法律分析:非法证据排除规则源自于英美法,于20世纪初产生于美国。当今世界各国及国际组织,大都制定有非法证据排除规则。它通常指执法机关及其工作人员使用非法行为取得的证据不得在刑事审判中采纳的规则。“非法”者,本为非法取得之意;“排除”者,初指非法证据不得在刑事审判中采纳为不利于被告的证据,后扩大到包括在审前程序中不得以非法取得的证据为根据签发逮捕证和搜查证等司法行为,以及被告方可以法院未排除非法证据为由进行上诉和请求最高法院审查案件。

法律依据:《非法证据排除规则》

第一条 采用刑讯逼供等非法手段取得的犯罪嫌疑人、被告人供述和采用暴力、威胁等非法手段取得的证人证言、被害人陈述,属于非法言词证据。

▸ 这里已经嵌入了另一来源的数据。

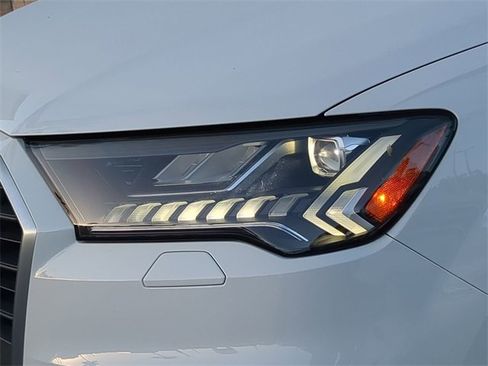 Used 2024 Audi Q7 2.0T Premium Plus image 7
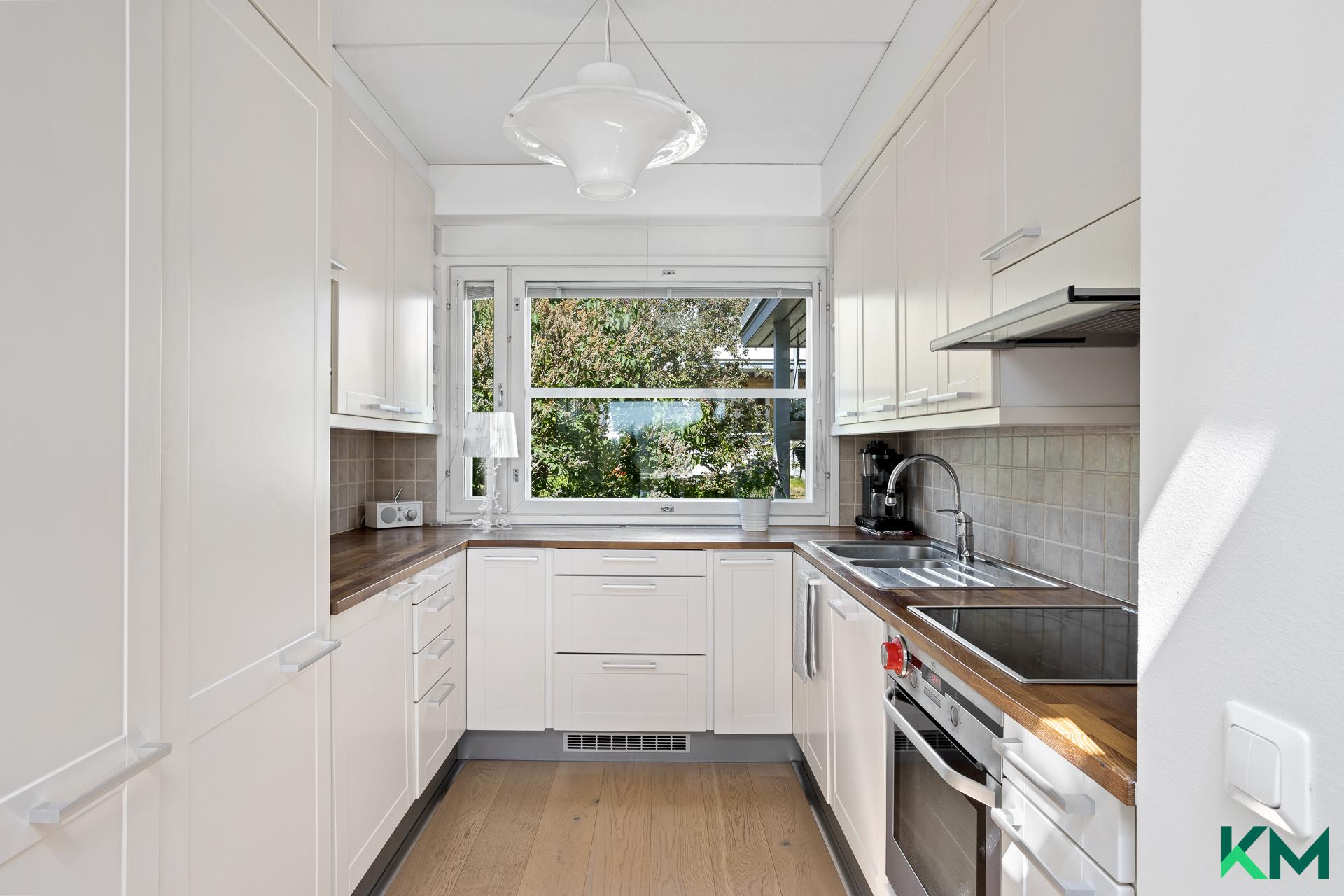 Ristiniementie 30, Laurinlahti, Espoo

第二条 经依法确认的非法言词证据,应当予以排除,不能作为定案的根据。

第三条 人民检察院在审查批准逮捕、审查起诉中,对于非法言词证据应当依法予以排除,不能作为批准逮捕、提起公诉的根据。

非法证据排除规则研究论文

根据刑事诉讼法,在2012年《刑事诉讼法》修改之前,最高人民法院、最高人民检察院、公安部、国家安全部和司法部联合发布《关于办理死刑案件审查判断证据若干问题的规定》和《关于办理刑事案件排除非法证据若干问题的规定》就已经基本上确立了非法证据排除规则,2012年《刑事诉讼法》修改大篇幅地吸收了两个《规定》的内容,在刑事诉讼法中正式确立并完善了非法证据排除规则。其主要内容包括四部分:第一,明确了非法证据排除规则的内涵和外延。非法证据涉及的面较广,具体处理时如何把握也很复杂。一方面,确立了非法言词证据的绝对排除。非法言词证据是指采用刑讯逼供等非法手段取得的犯罪嫌疑人、被告人供述和采用暴力、威胁等非法手段取得的证人证言、被害人陈述。另一方面,对实物证据,确立了有条件的排除。理论上,非法实物证据排除是否应当排除还存在较大争议。司法实践中一般很少予以排除。为规范取证活动,确保办案公正,现阶段宜对非法取得的物证、书证效力予以限制,即对不符合法定程序,可能严重影响司法公正取得的物证、书证,应当予以补正或者作出合理解释,否则,该物证、书证不能作为定案的根据。但究竟何谓“严重影响司法公正”?尚需要有权机关作进一步解释。第二,明确了当事人在审判阶段申请启动证据合法性调查程序的初步责任。尽管控方承担对被告方审判前供述合法性的举证责任,但是在审判阶段当事人主动启动这一程序,需要承担初步的举证责任,即应当提供以非法方法收集的证据的相关线索或者材料。以避免不负责任地随意启动对证据合法性的“审理”程序的情况。第三,明确了应由控诉方对证据收集的合法性负举证责任和相应的证明标准。刑事诉讼中,公诉机关承担提供证据证明被告方犯罪的证据,对于当事人及其辩护人、诉讼代理人所提以非法方法收集的证据的相关线索或者材料,同样承担证明该证据系合法取得的证明责任。在控方不举证或者已提供的证据不够确实、充分,无法排除合理怀疑的情况下,则应当承担不能以该证据证明指控的犯罪事实的法律后果和责任。第四,明确了侦查人员或者其他人员出庭作证问题。法庭审理中,对于有无刑讯逼供等非法取证行为,控辩双方往往各执一词,查证十分困难。根据两个《规定》,经审查,法庭对被告人审判前供述取得的合法性有疑问的,公诉人应当向法庭提供讯问笔录、原始的讯问过程录音录像或者其他证据,提请法庭通知讯问时其他在场人员或者其他证人出庭作证,仍不能排除刑讯逼供嫌疑的,提请法庭通知讯问人员出庭作证,对该供述取得的合法性予以证明。公诉人当庭不能举证的,可以建议法庭延期审理。2012年《刑事诉讼法》吸收了以上内容,确立了现有证据材料不能证明证据收集合法性的前提下,侦查人员或者其他人员的出庭作证制度。这一规定既避免了动辄要求侦查人员到场,也保证了其必要时就其执行职务情况出庭作证,有助于便捷、有效地查明证据取得的合法性问题。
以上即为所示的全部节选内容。